Ahok Ungkap Sosok Berkuasa yang Angkat Dia jadi Komut Pertamina, ‘Dia juga yang Jadikan Saya Napi Toh?’

Basuki Tjahaja Purnama alias Ahok kembali membahas luka lama perihal dirinya yang harus masuk bui akibat kasus penistaan agama. Mantan Komisaris Utama PT Pertamina (Persero) itu membagikan ceritanya dalam acara dialog Eropa Bersatu: Festival Tiga Jari yang disiarkan di kanal YouTube Eropa untuk Ganjar Mahfud.

Dalam video yang diunggah pada 4 Februari 2024 itu, awalnya Ahok bercerita bahwa ada satu orang mantan kader Partai Demokrasi Indonesia Perjuangan (PDIP) yang mencoba “menakutinya”. Mantan kader dari Partai Banteng itu mengingatkan agar Ahok bisa membaca zaman menjelang Pemilihan Umum atau Pemilu 2024.

Ahok membeberkan orang tersebut mengatakan seharusnya dia memilih untuk mendukung calon presiden dan calon wakil presiden nomor urut dua, yakni Prabowo-Gibran, yang didukung oleh Presiden Joko Widodo alias Jokowi.

“Jadi kalau kira-kira yang menang 02 sama Pak Jokowi, kamu harusnya pilih mereka. Kamu bisa jadi Dirut (Direktur Utama PT Pertamina) terus jadi menteri,” kata Ahok menirukan mantan kader PDIP tersebut.

Mantan Gubernur DKI Jakarta itu kemudian mengungkapkan bahwa pada Juni 2023 lalu, dia sempat ditawarkan menjadi Dirut PT Pertamina. Namun, dia menegaskan bahwa dia siap melepas jabatannya apabila merasa Ganjar akan kalah dalam kontestasi Pilpres 2024. Dia juga memilih untuk berjuang memenangkan Ganjar.

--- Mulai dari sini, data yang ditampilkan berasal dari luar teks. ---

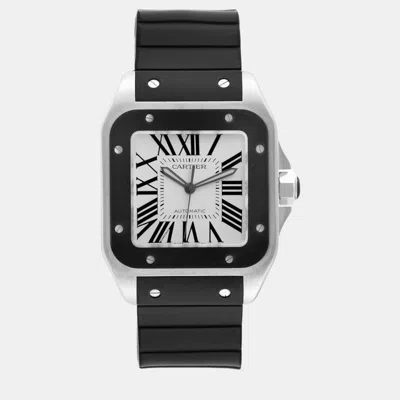 Pre-owned Cartier Santos 100 Steel Black Rubber Strap Men's Watch 38 Mm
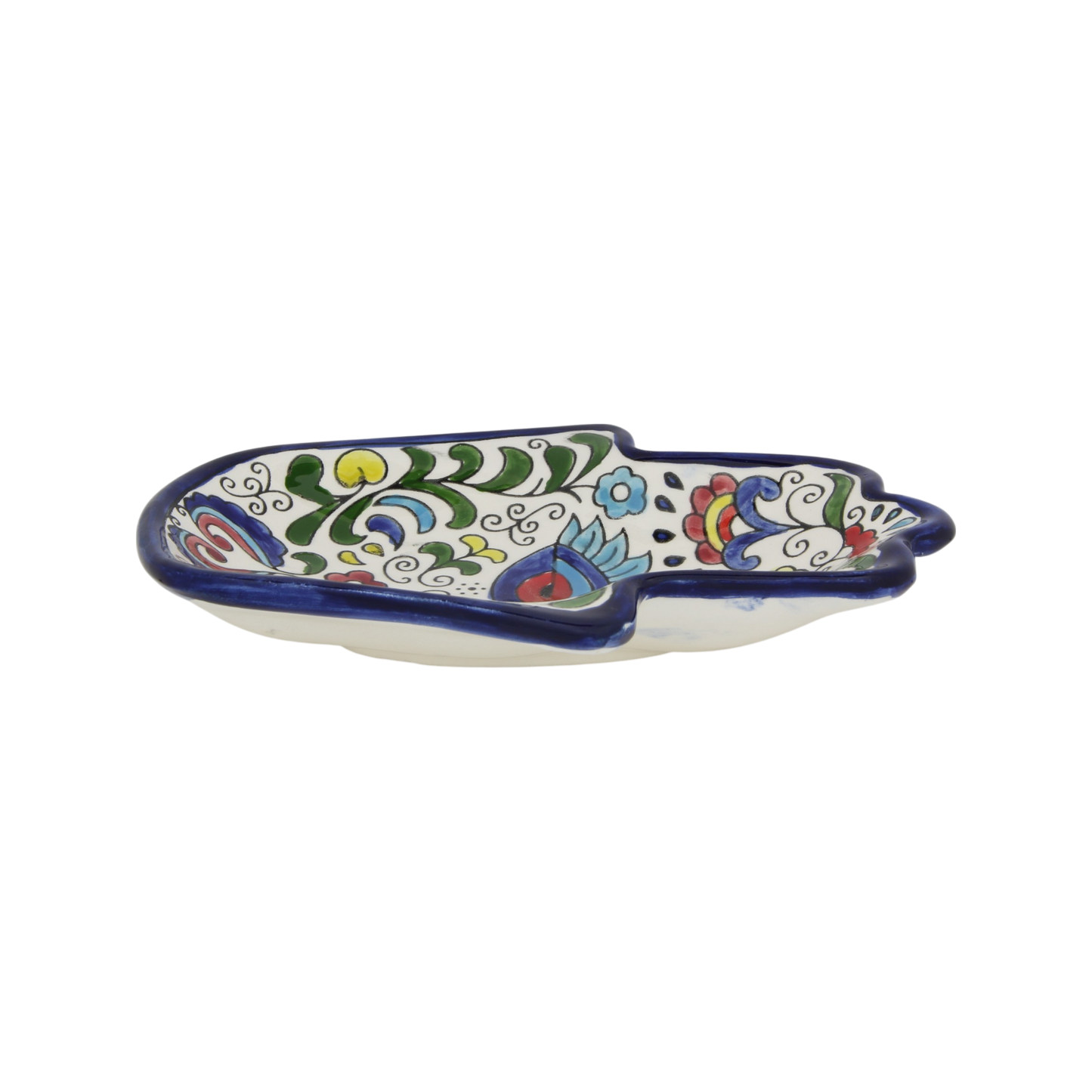 Ceramic bowl shaped like a hand with blue eye at center, decorated with colorful floral and vine motifs in blue, green, and. - Blue Eye 2 - Prague Judaica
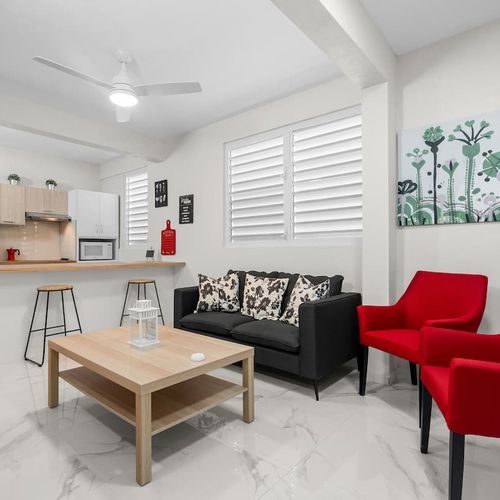 Open design. Kitchen meets living area for easy entertaining.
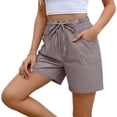 thumbnail image 1 of Ynynloco Women Comfy Drawstring Casual Elastic Waist Pure Color Shorts Summer Beach Lightweight Short Pants with Pockets, 1 of 7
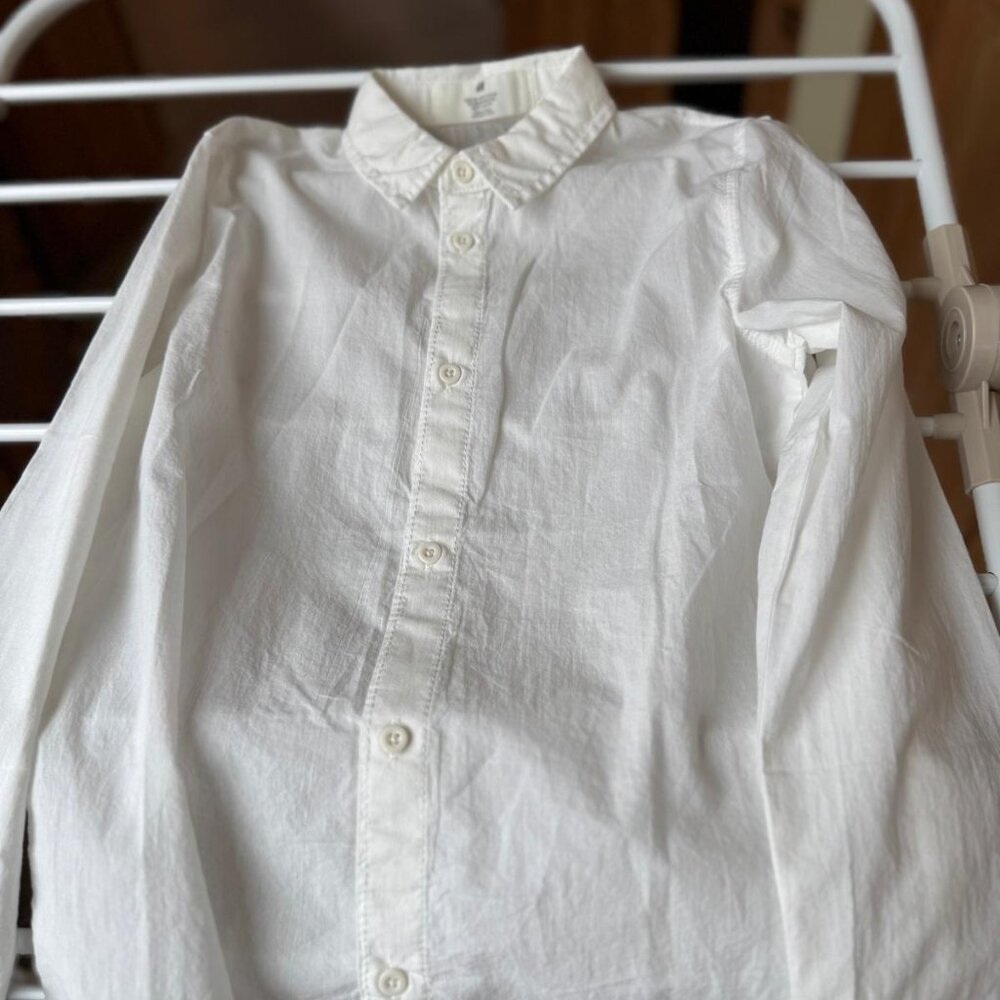 Boys Fine Cotton White Shirt Age 8-9 Years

“Kalau kamu merasa Ganjar akan kalah tidak bisa satu putaran, kamu all out dong dukung Ganjar. Lalu dia bilang kamu makan apa, (saya) gak usah ditakut-takuti. Saya nggak usah sebut nama lah ya (orang yang menakut-nakuti) sudah keluar dari PDIP,” ucapnya.

Ahok kemudian mengungkapkan bahwa dia ditelepon seseorang yang memintanya untuk mengingat jasa “orang berkuasa” yang telah menjadikannya sebagai Komisaris Utama PT Pertamina.

“Dia telepon saya, ‘kamu masih ingat lho jasanya lho, (kamu) napi dijadikan komut’. Saya bilang saya dijadikan napi oleh siapa? Dia juga yang jadikan saya napi toh?,” ujar Ahok.

Lantas, bagaimana cerita Ahok yang harus masuk penjara karena kasus penistaan agama?

Kronologi Ahok Terlibat Kasus Penodaan Agama

Berdasarkan catatan Tempo, kasus Ahok bermula dari sebuah potongan video pidatonya di Kepulauan Seribu pada September 2016 yang tersebar di dunia maya. Saat itu, Ahok berkunjung ke Kepulauan Seribu untuk mensosialisasi program budidaya ikan kerapu. Namun, lidah Ahok selip saat tengah berpidato dengan menyitir ayat Al-Qur’an surat Al-Maidah ayat 51. Dari 40 menit durasi pidato Ahok, potongan video sepanjang 13 detik ini kemudian diperdebatkan.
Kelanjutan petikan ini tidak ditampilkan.